Laut „Freiburger Studie“ werden Menschen und Mittel der ev. Kirche enorm zurückgehen, was nur teils demografisch begründet ist. Eine Ortsgemeinde erreicht lediglich 10% der Bevölkerung und darunter gruppenspezifisch vor allem ältere Menschen. Am Beispiel der queeren Gläubigen zeigt sich eine integrative Unfähigkeit, die eine kritische Reflexion der gemeindlichen und pastoralen Praxis notwendig macht.
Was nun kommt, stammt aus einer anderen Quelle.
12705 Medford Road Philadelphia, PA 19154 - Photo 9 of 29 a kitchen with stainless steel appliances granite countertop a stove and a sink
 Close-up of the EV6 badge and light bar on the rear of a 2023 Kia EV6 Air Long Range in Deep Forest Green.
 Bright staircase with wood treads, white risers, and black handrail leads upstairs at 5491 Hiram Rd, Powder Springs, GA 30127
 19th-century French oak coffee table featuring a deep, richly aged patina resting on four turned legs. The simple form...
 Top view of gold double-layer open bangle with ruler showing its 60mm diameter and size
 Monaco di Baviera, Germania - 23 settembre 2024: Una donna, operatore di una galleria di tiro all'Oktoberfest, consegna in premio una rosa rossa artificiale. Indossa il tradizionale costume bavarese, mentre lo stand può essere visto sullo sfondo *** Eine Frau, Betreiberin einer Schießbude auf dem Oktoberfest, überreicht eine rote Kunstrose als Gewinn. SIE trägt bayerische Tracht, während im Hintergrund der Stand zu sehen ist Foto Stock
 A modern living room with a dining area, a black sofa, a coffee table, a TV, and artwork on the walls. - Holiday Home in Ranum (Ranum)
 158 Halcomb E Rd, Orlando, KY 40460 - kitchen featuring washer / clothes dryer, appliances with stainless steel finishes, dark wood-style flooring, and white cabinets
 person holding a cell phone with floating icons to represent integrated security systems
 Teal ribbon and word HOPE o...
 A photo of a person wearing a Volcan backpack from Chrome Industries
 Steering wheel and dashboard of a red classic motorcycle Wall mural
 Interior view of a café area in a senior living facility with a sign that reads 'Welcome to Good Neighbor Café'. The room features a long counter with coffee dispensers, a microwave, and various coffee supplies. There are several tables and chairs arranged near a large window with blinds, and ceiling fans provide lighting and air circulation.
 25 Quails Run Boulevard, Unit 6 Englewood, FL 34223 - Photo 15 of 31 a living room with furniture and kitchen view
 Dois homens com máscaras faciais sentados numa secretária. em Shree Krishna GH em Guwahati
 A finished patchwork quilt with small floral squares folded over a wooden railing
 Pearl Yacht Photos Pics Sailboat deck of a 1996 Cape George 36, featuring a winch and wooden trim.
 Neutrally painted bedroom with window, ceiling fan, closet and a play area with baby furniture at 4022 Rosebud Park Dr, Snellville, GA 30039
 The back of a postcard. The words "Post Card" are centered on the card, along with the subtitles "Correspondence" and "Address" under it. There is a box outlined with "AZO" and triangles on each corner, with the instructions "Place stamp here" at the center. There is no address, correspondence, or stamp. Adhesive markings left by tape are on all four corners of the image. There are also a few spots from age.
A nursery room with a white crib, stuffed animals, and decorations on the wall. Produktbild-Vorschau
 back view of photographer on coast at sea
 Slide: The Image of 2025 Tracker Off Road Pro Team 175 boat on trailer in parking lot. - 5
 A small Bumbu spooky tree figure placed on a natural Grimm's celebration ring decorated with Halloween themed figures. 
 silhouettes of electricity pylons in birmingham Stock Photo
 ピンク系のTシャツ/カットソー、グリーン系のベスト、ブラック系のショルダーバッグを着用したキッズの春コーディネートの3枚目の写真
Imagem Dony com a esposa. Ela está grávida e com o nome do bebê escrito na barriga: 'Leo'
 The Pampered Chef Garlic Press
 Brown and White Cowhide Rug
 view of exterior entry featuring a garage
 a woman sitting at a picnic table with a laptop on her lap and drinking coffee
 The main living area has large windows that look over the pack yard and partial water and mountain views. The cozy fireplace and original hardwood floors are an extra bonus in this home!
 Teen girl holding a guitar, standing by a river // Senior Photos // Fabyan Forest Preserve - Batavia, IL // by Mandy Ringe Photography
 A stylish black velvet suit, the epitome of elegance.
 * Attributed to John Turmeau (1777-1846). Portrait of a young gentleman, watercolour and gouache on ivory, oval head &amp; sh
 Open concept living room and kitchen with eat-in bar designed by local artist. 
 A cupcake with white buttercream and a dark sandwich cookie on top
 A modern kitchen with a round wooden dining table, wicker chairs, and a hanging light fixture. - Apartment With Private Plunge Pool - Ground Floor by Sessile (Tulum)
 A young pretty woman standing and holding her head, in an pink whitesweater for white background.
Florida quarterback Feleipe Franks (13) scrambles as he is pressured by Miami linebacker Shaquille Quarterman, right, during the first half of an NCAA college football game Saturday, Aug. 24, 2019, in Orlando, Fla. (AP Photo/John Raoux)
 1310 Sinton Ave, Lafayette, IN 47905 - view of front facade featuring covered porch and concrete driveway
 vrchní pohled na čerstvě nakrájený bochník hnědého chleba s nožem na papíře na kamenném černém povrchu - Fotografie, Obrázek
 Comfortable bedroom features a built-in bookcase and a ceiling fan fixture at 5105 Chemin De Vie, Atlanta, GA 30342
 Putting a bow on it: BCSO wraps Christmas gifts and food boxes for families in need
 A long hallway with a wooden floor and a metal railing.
Pfarrpersonen und Gemeinden, die sich als tolerant und offen bezeichnen, wundern sich: „Warum sind Queers in unseren Reihen nicht sichtbar?“ Arbeiten Sie die im Text genannten vier Aspekte queerer Gemeinden heraus und diskutieren Sie diese für Ihr eigenes, gemeindliches Handeln mithilfe folgender Fragen:

1. Wird die Lebenswirklichkeit von Queers abgebildet? In der Verkündigung (bspw. durch queere Protagonist*innen einer Erzählung oder einer kritischen Auseinandersetzung zu schmerzlicher Ausgrenzung queerer Menschen aus der Kirche), in den Fürbitten (bspw. durch thematischen Schwerpunkt anlässlich wichtiger Gedenktage wie den Transday of Remembrence);

2. Gibt es Möglichkeiten der Begegnung anderer queerer Menschen? In den Gemeindeangeboten (Bsp. Treff queerer Menschen, queere Seelsorge), durch Vernetzung mit anderen (zivilen) queeren Initiativen in der Region;

3. Wenn Kirche Lebensbegleiterin sein möchte, begleitet sie Menschen mit queerer Identität? In Transitionskasualien, gendersensible Jugendarbeit;

4. Werden queere Identitäten in einer gendersensiblen Sprache abgebildet? Keine binären Geschlechterkategorien, keine Einteilung bei Psalmlesung oder in der Konfirmand*innengruppe nach Geschlecht.

Nina Kleinsorge ist Vikarin in einer Göttinger Gemeinde. Sie arbeitet und experimentiert im Bereich queere Liturgie und ist Aktivistin für intersektionalen Queer-Feminismus.